Y son justamente ellas, las películas, la “zona cero” de nuestro americanocentrismo. Ha sido Hollywood el que nos ha llevado a este punto. Los blockbusters son, con bastante certeza, el mayor instrumento de diplomacia pública de la historia. Vivimos inmersos en una gigantesca y longeva marca país, la estadounidense. Lo que cala ahí, cala aquí también, ya que consumimos su cine, sus series, su literatura, su música y sus redes sociales. No solo consumimos, sino que disfrutamos haciéndolo. Su cultura se ha vuelto parte de la nuestra, nos empapamos de lo norteamericano, pese a estar tan lejos. La emulamos. No sé si porque la vemos como algo superior o por estar en todas partes. Tanto es así que vemos sus elecciones con tanto interés como si fueran las nuestras. Como una película nueva, como el gran estreno del año. Por otra parte, este comportamiento de algún modo nocivo, también tiene su lado bueno. Al igual que muchos hemos estado pendientes de las elecciones, lo estuvimos de las protestas antirracistas de este verano, mostrando nuestro apoyo en la lucha por la igualdad, donando, acompañando a millones de personas del mundo entero en su rechazo del racismo. Empatía por el sufrimiento de un pueblo ajeno. Eso no es para avergonzarse. 

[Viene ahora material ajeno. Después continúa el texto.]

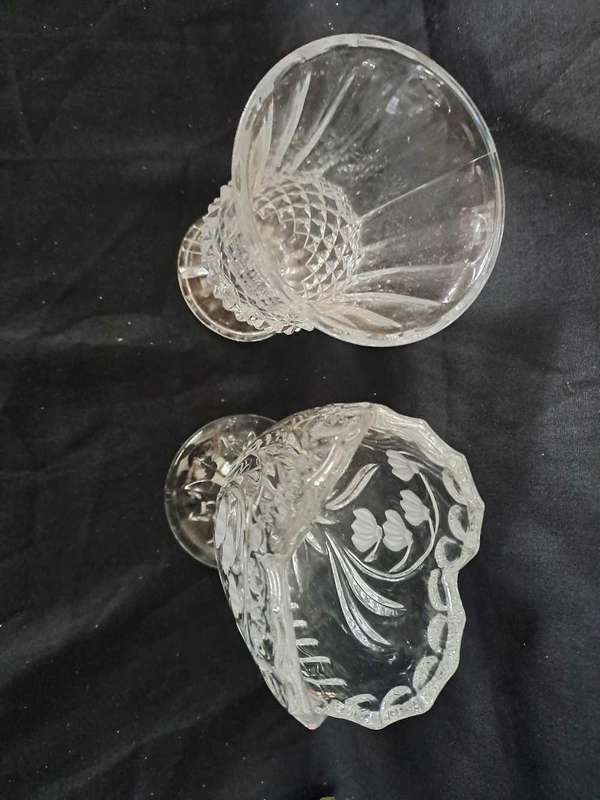 2 cut crystal bud vases, 13cm tall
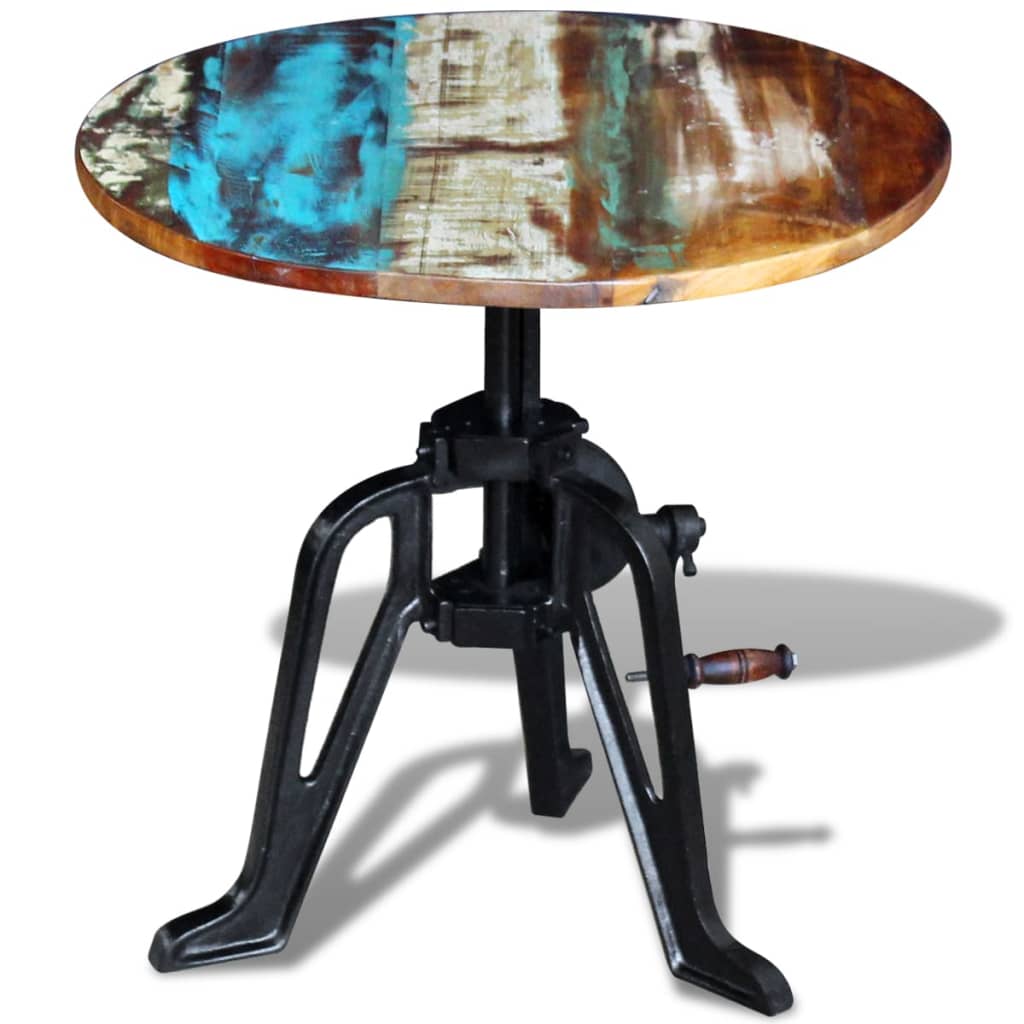 Bijzettafel 60x(42-63) cm massief gerecycled hout en gietijzer is nu te koop bij PeponiXL, paradijselijk wonen!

Pero la realidad es que, pese a las elecciones, aquí no cambia nada. Os prometo que al despertarme y asomarme por el balcón, todo seguía igual. Amaneció y anocheció. Cosas de la vida. Os prometo también que seguiremos enlatados por la mañanas en el transporte público, seguiremos con prácticas sin remunerar y seguiremos dependientes de un turismo que ya no tenemos. Nuestros amigos seguirán siendo nuestros amigos, con Biden al igual que lo fueron con Trump. Y sí, el tomate orlando seguirá siendo fiel compañero de los macarrones a mediodía. Recordemos: la empatía es ser capaz de sumergirse en el mundo emocional del otro, sin ahogarse en él.  Dicho esto...¿Qué harás mañana, tío Sam?